Moh. Uzer Usman seperti dikutip Syaiful Bahri Djamarah, mengemukakan beberapa pola intraksi edukatif antara anak didik dengan guru, yaitu :[19]

1.      Pola guru-anak didik
2.      Pola guru-anak didik-guru
3.      Pola guru-anak didik-anak didik
4.      Pola guru- anak didik, anak didik-guru, anak-anak didik
5.      Pola melingkar
Di samping itu, Suparman seperti dikutip Irpan Abd Gafar dan Muhammad Jamil B mengemukakan bahwa di dalam setrategi pembelajaran termaktub empat komponen kunci, yaitu : a) urutan kegiatan pembelajaran, b) metode pembelajaran, c) media pembelajaran, dan d) waktu yang digunakan pembelajaran dalam belajar dan belajar dalm menyesuaikan setiap langkah kegiatan pembelajaran.[20] Dalam kaitannya dengan aktifitas pembelajaran, maka komponen kunci yang dimaksud disini adalah urutan atau tahapan-tahapan kegiatan pembelajaran, yaitu: yakni tahapan permulaan (fainstruksional) tahap pengajaran (intruksional), dan tahap penilaian dan tindak lanjut. Namun yang menjadi titik fokus pembahasan dalam hal ini adalah dua poin pertama.

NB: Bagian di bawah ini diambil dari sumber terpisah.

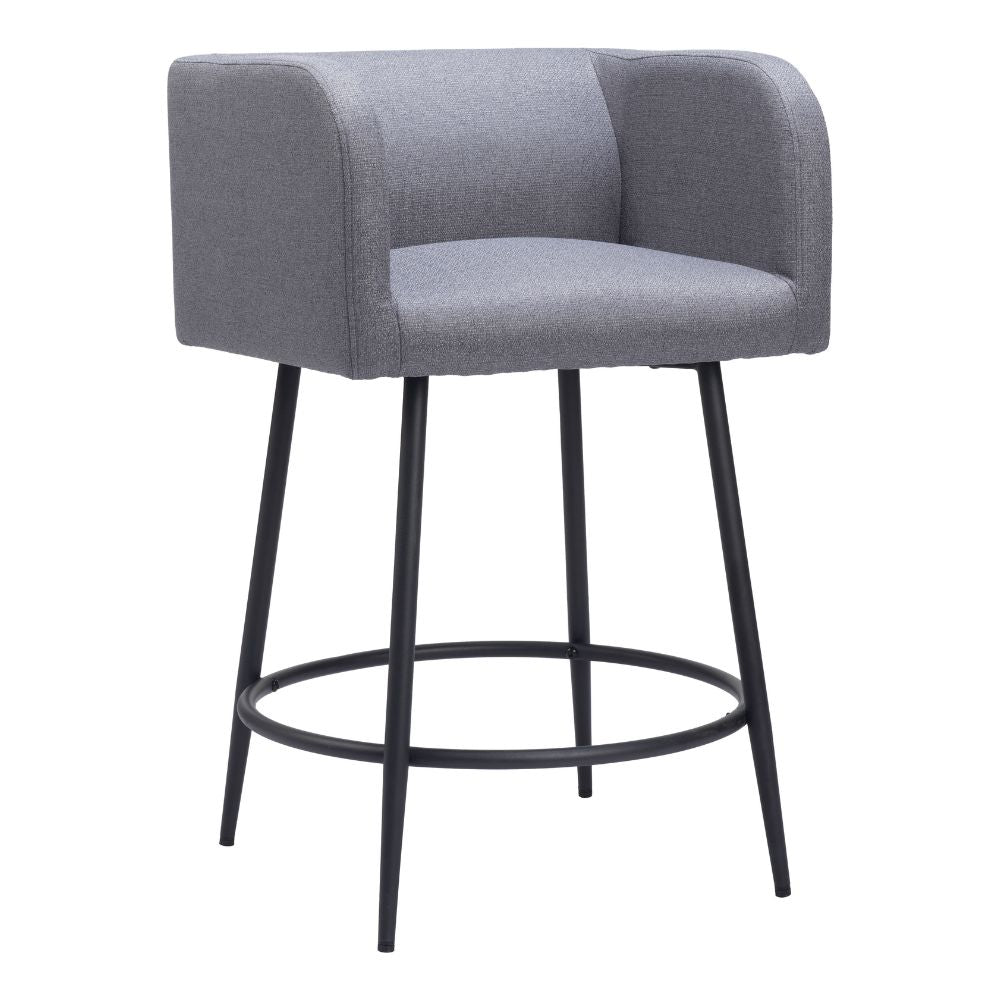 Gray bar stool with black metal legs on a white background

Menurut R. Ibrahim dan Nana Syaodih Sukmadinata, aktivitas pembelajaran tidak hanya berlangsung dalam kelas saja, akan tetap juga berlangsung di luar kelas. Dan bahkan di luar sekolah atau di rumah, di perpustakaan, di mushala, atau di mesjid.[21] Aktivitas pembelajaran di luar kelas/sekolah ini dapat saja berada langsung di bawah bimbingan guru atau tidak, tergantung pada kesiapan dan kesediaan guru di lembaga yang bersangkutan.
d.    Metode Pembelajaran
Secara etimologi, metode berarti cara kerja yang bersistem untuk memudahkan suatu pelaksanan suatu kegiatan guan mencapai tujuan yang di dapatkan.[22] Menurut Syaiful Bahri Djamarah, metode adalah suatu cara yang dipergunakan untuk mencapai tujuan yang  telah ditetapkan.[23]

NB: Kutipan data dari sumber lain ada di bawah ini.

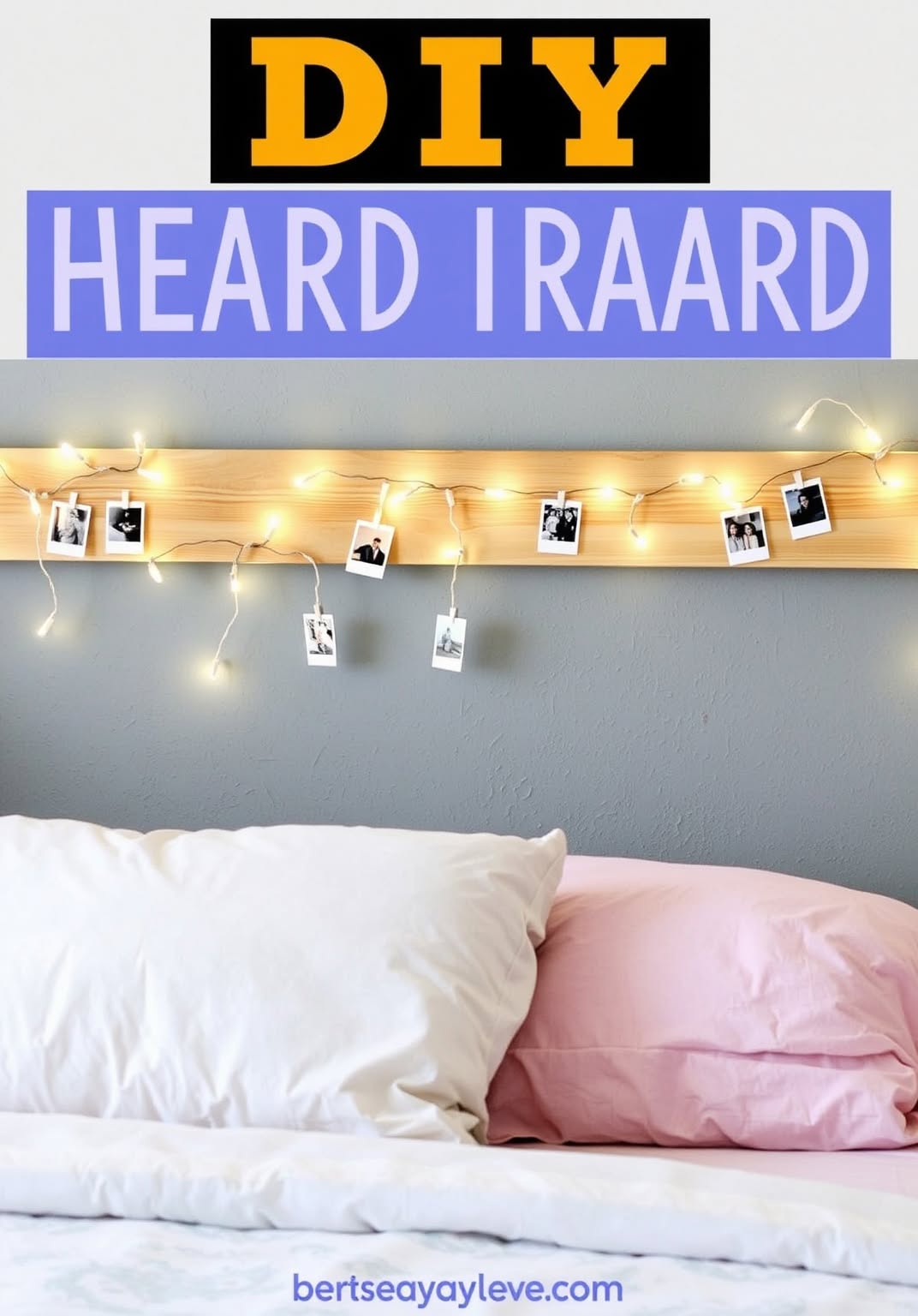 7. DIY Headboard with Fairy Lights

Dalam konsep Islam, metode pendidikan diartikan dengan beberapa istilah, yaitu: 1) minhaj at-tarbiyah, 2) wasilatu at-tarbiyah, 3) kaifiyatu at-tarbiyah, dan 4) thariqotu at-tarbiyah. Sedangkan yang paling populer digunakan adalah istilah at-tariqah, yang berarti jalan atau cara yang harus ditempuh.[24]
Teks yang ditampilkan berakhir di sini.